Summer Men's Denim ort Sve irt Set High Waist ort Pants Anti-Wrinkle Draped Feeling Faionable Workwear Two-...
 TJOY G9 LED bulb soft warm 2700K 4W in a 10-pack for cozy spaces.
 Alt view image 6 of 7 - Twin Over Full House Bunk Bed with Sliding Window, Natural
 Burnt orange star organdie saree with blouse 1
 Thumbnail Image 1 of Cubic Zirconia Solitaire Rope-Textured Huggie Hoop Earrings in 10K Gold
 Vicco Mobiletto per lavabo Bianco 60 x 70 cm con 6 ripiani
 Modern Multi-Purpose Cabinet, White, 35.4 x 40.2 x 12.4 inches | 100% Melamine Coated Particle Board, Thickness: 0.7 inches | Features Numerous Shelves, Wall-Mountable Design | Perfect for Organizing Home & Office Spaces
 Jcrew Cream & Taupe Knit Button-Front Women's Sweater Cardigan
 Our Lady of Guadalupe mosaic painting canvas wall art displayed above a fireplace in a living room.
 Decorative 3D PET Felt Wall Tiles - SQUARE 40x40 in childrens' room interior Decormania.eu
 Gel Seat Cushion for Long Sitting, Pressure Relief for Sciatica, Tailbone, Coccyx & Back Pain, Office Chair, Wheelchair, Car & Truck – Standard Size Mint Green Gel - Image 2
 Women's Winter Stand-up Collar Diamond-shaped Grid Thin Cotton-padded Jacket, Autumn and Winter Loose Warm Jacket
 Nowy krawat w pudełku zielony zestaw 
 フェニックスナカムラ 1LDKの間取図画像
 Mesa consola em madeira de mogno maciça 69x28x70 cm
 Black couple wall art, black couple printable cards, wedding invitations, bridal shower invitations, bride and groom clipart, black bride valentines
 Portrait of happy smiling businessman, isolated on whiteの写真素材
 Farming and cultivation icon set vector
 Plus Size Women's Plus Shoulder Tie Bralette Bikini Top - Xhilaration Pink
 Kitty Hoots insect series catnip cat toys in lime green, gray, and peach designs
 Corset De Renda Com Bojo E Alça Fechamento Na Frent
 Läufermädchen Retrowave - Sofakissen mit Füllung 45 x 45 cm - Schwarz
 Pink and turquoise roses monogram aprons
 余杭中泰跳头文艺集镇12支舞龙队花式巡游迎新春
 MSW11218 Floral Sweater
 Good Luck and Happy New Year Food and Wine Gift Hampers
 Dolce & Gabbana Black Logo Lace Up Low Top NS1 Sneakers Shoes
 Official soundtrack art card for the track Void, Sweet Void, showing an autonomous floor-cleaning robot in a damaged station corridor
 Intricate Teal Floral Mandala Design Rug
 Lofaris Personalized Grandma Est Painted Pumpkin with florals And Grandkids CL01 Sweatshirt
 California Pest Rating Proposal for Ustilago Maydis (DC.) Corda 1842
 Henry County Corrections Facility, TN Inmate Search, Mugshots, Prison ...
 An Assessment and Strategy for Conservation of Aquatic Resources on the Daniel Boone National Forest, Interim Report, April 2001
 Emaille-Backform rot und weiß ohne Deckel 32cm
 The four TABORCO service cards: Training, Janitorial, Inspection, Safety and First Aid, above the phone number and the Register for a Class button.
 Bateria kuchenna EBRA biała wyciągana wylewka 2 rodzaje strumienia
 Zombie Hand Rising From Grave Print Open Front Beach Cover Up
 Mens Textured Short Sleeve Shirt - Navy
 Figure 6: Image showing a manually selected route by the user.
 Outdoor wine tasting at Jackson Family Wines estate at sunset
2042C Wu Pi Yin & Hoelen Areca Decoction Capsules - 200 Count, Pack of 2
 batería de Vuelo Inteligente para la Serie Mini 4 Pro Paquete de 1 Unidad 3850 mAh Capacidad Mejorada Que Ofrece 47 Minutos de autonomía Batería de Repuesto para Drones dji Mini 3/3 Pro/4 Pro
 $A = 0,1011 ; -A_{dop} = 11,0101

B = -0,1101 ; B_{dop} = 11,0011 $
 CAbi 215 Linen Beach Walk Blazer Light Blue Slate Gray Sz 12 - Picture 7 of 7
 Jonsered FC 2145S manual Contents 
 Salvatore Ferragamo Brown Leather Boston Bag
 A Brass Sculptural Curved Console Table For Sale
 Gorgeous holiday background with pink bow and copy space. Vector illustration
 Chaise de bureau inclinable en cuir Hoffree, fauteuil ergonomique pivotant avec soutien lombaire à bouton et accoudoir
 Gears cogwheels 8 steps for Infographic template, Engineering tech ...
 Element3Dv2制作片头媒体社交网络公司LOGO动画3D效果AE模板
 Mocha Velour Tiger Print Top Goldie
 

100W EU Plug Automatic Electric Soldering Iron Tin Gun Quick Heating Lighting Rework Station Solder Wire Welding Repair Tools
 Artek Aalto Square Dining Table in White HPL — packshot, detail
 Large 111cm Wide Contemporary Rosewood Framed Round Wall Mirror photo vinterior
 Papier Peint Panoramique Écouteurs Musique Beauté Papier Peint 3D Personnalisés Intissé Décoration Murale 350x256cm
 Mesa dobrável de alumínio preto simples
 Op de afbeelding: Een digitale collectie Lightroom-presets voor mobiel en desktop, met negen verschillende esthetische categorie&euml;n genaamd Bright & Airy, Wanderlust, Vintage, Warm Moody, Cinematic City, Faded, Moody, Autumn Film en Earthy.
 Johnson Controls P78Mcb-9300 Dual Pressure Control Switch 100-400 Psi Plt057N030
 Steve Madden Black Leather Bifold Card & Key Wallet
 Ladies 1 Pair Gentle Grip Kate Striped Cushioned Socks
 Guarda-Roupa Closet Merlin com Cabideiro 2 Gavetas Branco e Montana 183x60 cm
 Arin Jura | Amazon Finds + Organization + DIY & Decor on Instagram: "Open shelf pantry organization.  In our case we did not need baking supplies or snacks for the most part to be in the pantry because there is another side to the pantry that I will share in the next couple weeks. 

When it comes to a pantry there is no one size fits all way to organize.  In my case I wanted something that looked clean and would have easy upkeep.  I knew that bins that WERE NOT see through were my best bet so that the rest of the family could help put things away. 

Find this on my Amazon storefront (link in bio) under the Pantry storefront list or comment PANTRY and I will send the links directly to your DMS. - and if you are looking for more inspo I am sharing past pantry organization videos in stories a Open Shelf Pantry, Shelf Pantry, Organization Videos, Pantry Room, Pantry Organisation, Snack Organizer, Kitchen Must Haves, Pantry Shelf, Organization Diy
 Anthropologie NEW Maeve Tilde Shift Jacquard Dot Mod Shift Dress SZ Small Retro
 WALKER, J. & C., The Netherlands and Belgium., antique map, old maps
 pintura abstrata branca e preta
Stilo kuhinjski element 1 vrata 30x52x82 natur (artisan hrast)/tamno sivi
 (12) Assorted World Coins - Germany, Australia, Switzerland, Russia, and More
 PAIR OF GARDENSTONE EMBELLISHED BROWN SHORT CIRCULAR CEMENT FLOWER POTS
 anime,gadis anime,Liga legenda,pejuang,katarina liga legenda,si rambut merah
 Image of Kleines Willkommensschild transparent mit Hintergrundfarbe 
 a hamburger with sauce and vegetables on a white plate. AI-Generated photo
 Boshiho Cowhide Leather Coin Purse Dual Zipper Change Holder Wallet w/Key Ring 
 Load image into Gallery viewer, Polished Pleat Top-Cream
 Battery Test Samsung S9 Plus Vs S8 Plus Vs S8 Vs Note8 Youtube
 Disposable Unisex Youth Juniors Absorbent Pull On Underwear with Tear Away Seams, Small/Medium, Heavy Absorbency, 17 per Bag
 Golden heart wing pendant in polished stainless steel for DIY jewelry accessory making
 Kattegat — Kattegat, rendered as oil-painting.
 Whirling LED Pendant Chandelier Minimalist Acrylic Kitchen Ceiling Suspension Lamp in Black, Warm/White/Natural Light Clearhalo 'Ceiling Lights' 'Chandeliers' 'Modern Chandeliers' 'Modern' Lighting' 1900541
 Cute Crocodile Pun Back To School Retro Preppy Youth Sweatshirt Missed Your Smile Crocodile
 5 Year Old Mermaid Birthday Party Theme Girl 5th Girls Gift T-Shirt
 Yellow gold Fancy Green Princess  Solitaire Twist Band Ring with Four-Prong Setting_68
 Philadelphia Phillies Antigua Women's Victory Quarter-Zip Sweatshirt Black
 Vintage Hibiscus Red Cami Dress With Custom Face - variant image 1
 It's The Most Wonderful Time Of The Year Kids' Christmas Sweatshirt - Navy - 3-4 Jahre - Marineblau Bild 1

####################

→ Directions for this task:
Report each line above that includes the string "Leather".

→ Response box:
 Salvatore Ferragamo Brown Leather Boston Bag
 Steve Madden Black Leather Bifold Card & Key Wallet
 Boshiho Cowhide Leather Coin Purse Dual Zipper Change Holder Wallet w/Key Ring 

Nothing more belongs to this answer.